Azim Premji, chairman, Wipro Ltd, has come up with interesting propositions for his shareholders, while demerging the non-technology businesses from the listed entity, Wipro Ltd.
The markets have given it a thumbs-up, as it will not only benefit minority shareholders but also the promoter group, which can bring down its shareholding through this route.
Analysts say Premji has been trying to bring down his stake in the company for a while now. So, if investors opt for more shares of Wipro Ltd then these will come from Premji's own holding.
Under the demerger, investors have two options. First, they get one equity share in Wipro Enterprises Ltd for every five shares in Wipro Ltd.
However, since the demerged company will not be listed anytime soon, investors can exchange these shares with the promoter's shares in Wipro Ltd.

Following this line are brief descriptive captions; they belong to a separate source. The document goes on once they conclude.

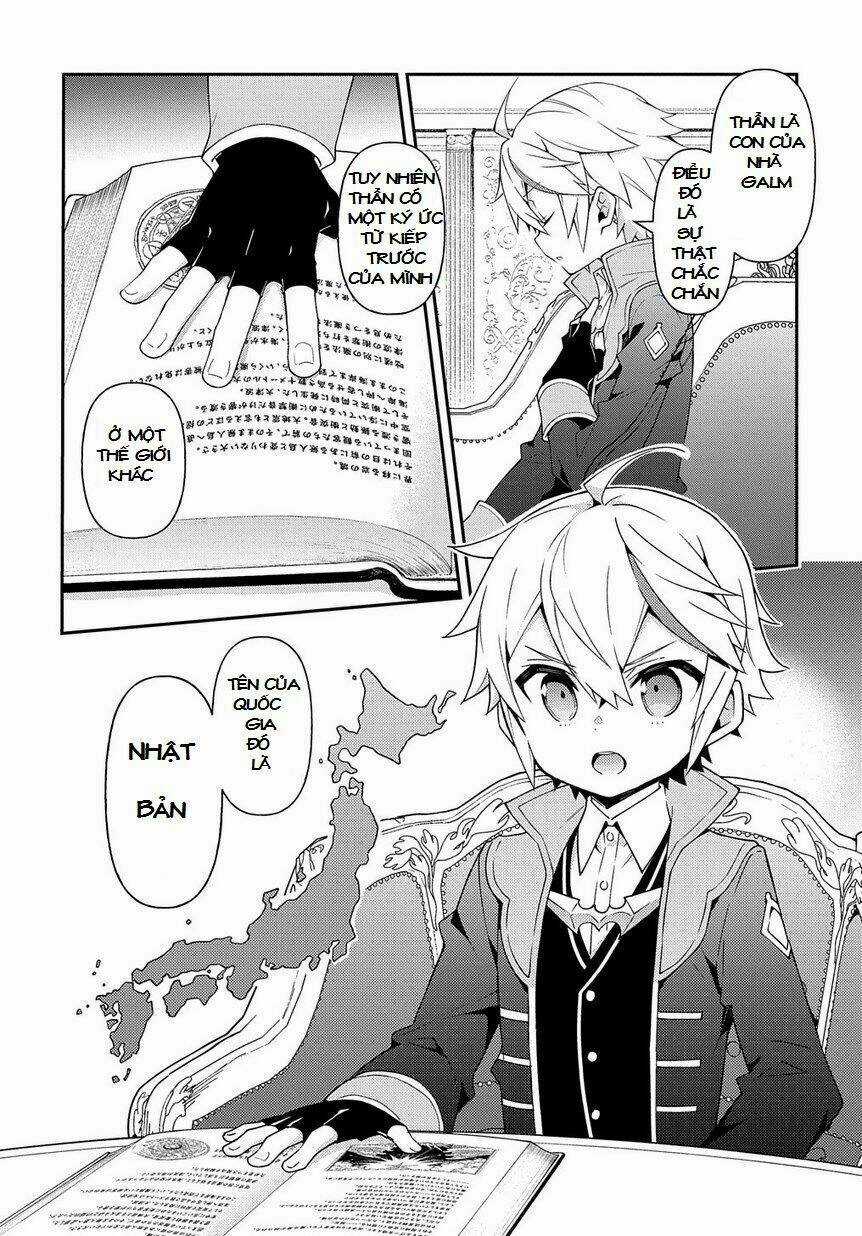 Được Chuyển Sinh, Tôi Sống Một Cuộc Đời Quý Tộc Ở Dị Giới Và Làm Những Chuyện Phi Thường Chapter 18 trang 4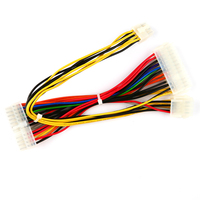 PA-017 (GESTOEPS) Переходник для блоков питания 24P (GES / AMD, female) + 8P (GES / AMD, female) -> 24P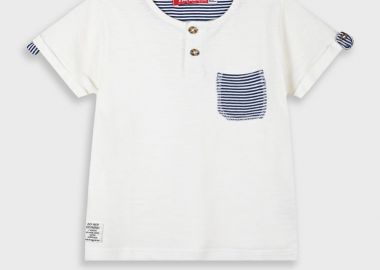 Μπλούζα πικέ για αγόρι | ΕΚΡΟΥ - Energiers - 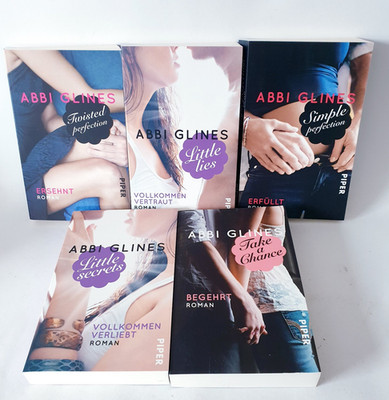 Abbi Glines Bücher Romane Konvolut 5 Stück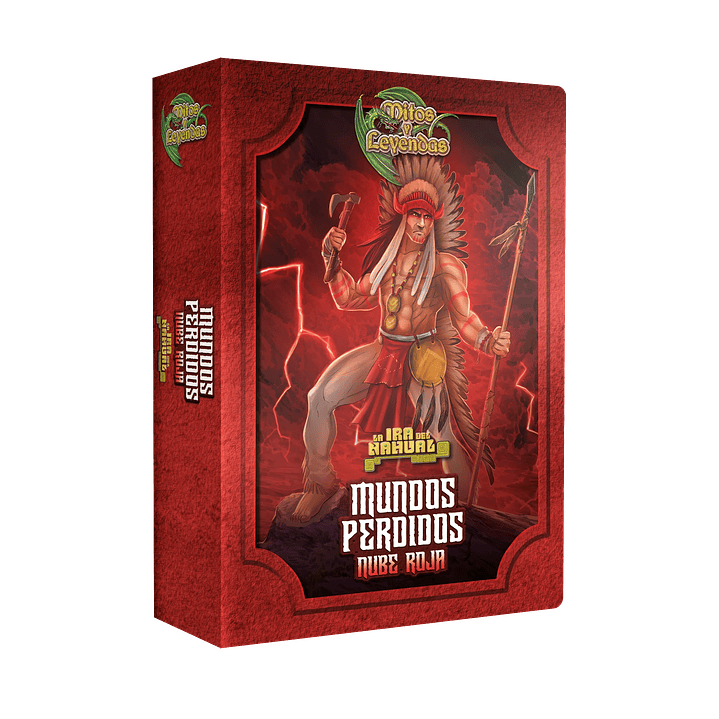 PREVENTA MUNDOS PERDIDOS: NUBE ROJA 1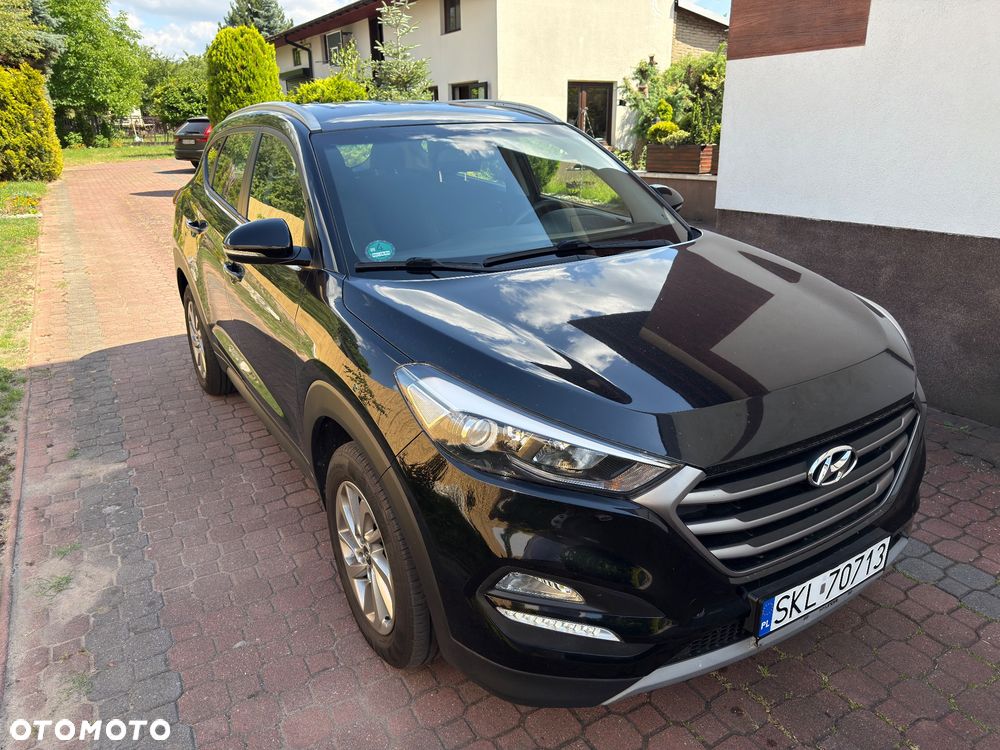 Hyundai Tucson 1.6 Turbo 2WD Passion - 12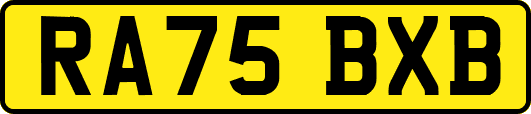RA75BXB
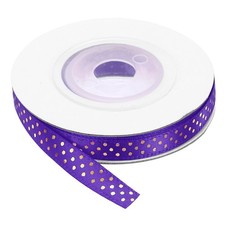 Grosgrain Ribbons 10 Yards 1/4 Inch Deep Purple Ribbon Bow Decoration
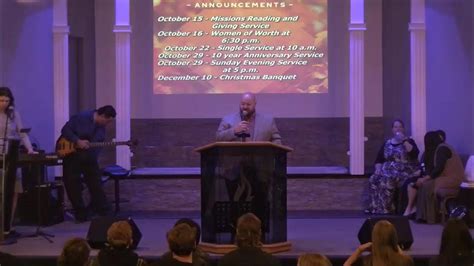 Abundant Life Pentecostals October 15th 2023 Sunday Service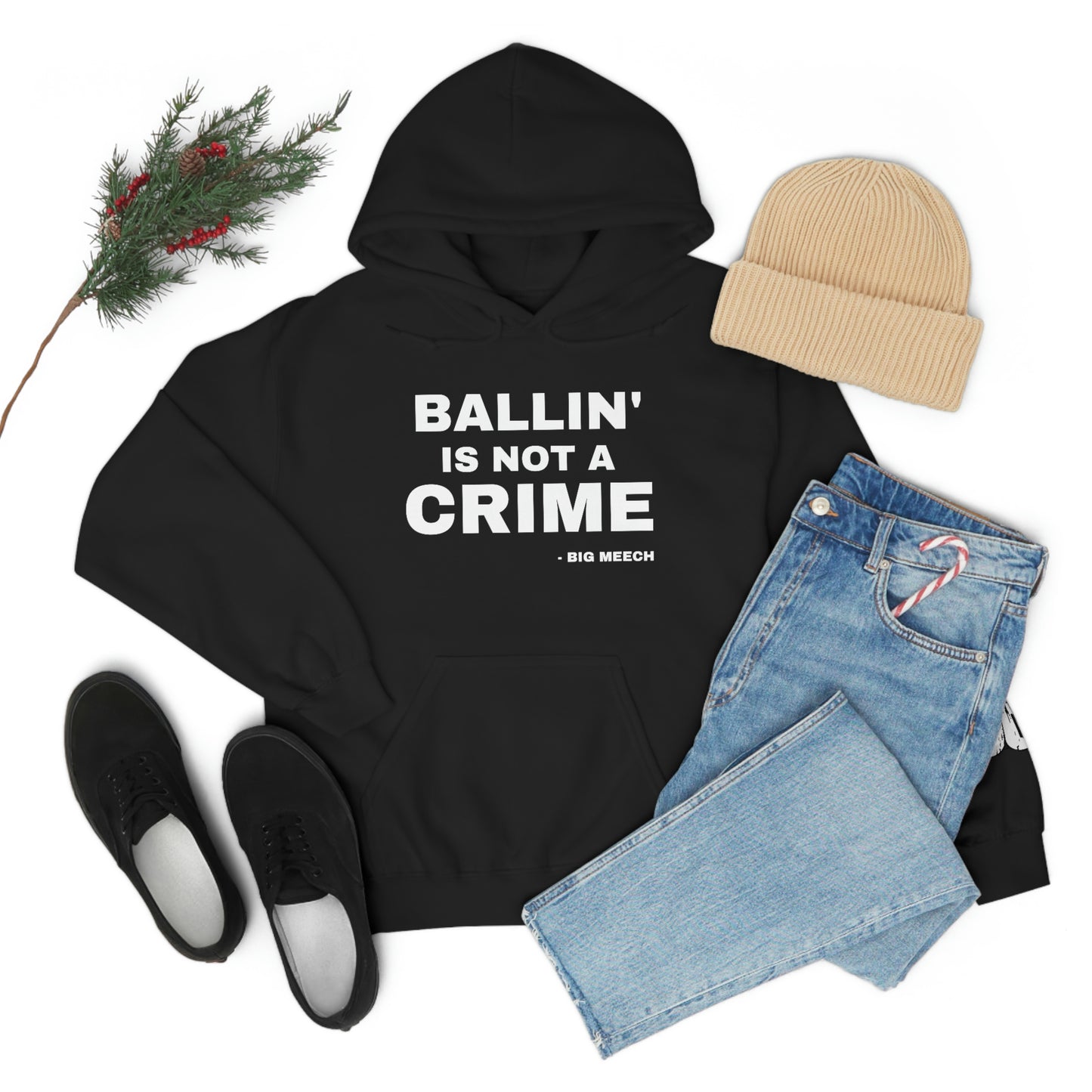 Ophishal Brand x Hooded Sweatshirt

The implied return under this option would be 12.1 per cent. So, for every 100 shares of Wipro, you would get another 12 shares from the promoter under this scheme.
This option will also benefit Premji as he will bring down his stake by 2.7 per cent, presuming all the minority shareholders go with this option, while his holding in Wipro Enterprises increases.
Under the second option, investors would get 7 per cent redeemable preference shares in Wipro Enterprises, with face value of Rs 50, for every five shares of Wipro Ltd.
Each redeemable preference share will have a maturity of 12 months and will be redeemed at Rs 235.20. The implied return under this option would be 13 per cent, explains Harit Shah, analyst at Nirmal Bang Securities.
Investors have to decide whether they want to take cash a year later or bet on Wipro's IT business in the medium-term.
However, if operationally the company's performance deteriorates and the stock price corrects, then the 12 per cent implied return may not be so attractive and the option of taking cash may be better.
Edelweiss Securities says: "In FY11-12, the IT business had contributed 86 per cent to revenues and 94 per cent to operating profit. We believe, based on our calculation, that the non-IT business has been valued at 26x FY12 EBIT, a fair deal for investors. Further, this will also enable the promoter to reduce stake (which any way he would have had to by 2013 to abide with Sebi regulations)."
However, there is no clarity on how the cash and debt will be divided between the two companies, so analysts are not sure what kind of a valuation each business should be given.
The stock has already run up and the demerger will not have any further material impact on share prices.